Cet édifice relativement imposant fut remanié plusieurs fois au fil des siècles.
Au début du XVIIe siècle, suite aux déprédations effectuées durant les guerres de la Ligue, l’évêque de Vannes sollicita le conseil de fabrique afin qu’il effectue sans délai les réparations.
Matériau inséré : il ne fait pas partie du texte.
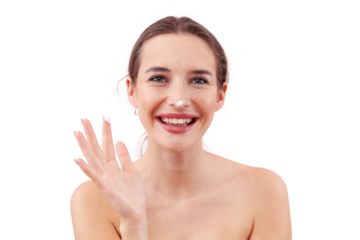 Happy young woman smiling while applying skincare moisturizer cream, showing beauty cream on her finger and on tip of nose. Isolated on a background. Facial treatment, makeup and healthy skin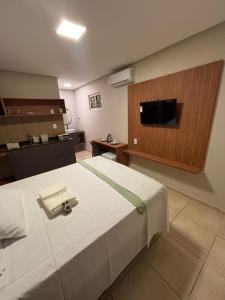 a room with a bed with a tv on a wall at Blume Suítes Premium Orla in Petrolina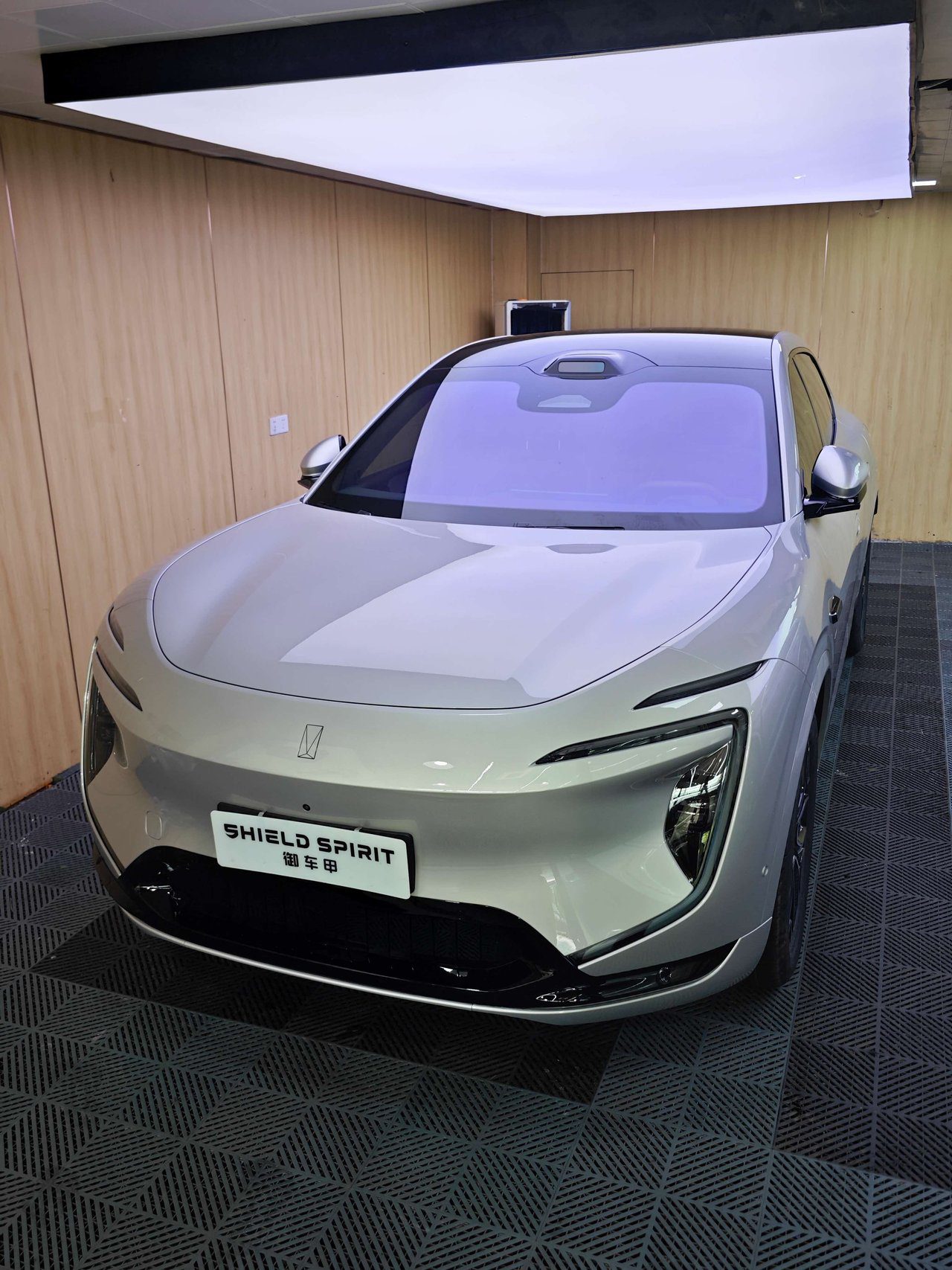 Electric SUV positioned in dust-controlled installation bay with professional lighting for PPF application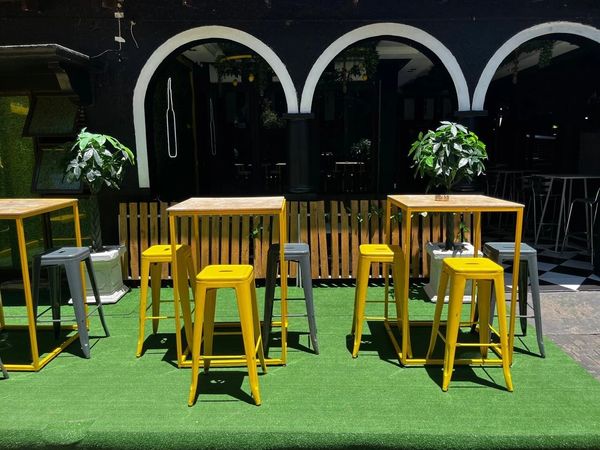 Outdoor seating area with yellow and gray stools and modern tables on green artificial grass.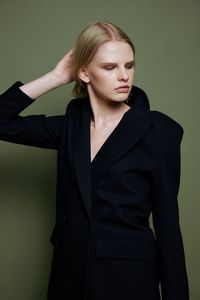 Portrait of young woman standing against black background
Vers 1735, des travaux de consolidation des murailles et la réparation de quelques fenêtres furent entrepris.
Selon l’abbé Le Claire, en 1790, le presbytère se composait d’un grand corps de logis, d’une grande cour, d’une remise et d’une écurie qui servit autrefois de chapelle.
Durant la révolution, conformément à une loi de l’an 4 qui affectait les presbytères au logement de l’instituteur, le sieur Girard, instituteur, y résidait. Il y faisait la classe et bénéficiait du jardin.
Quelques années plus tard, conformément à la loi du 18 germinal (du 30 mars 1802), le presbytère fut rendu au clergé. Cependant, en raison des réparations, le curé ne put l’habiter qu’en 1807. Il dut pendant deux ans louer une maison dans le bourg. (cf le livre de Joseph Moisan » la propriété ecclésiastique dans le Morbihan pendant la période révolutionnaire » édité en 1911)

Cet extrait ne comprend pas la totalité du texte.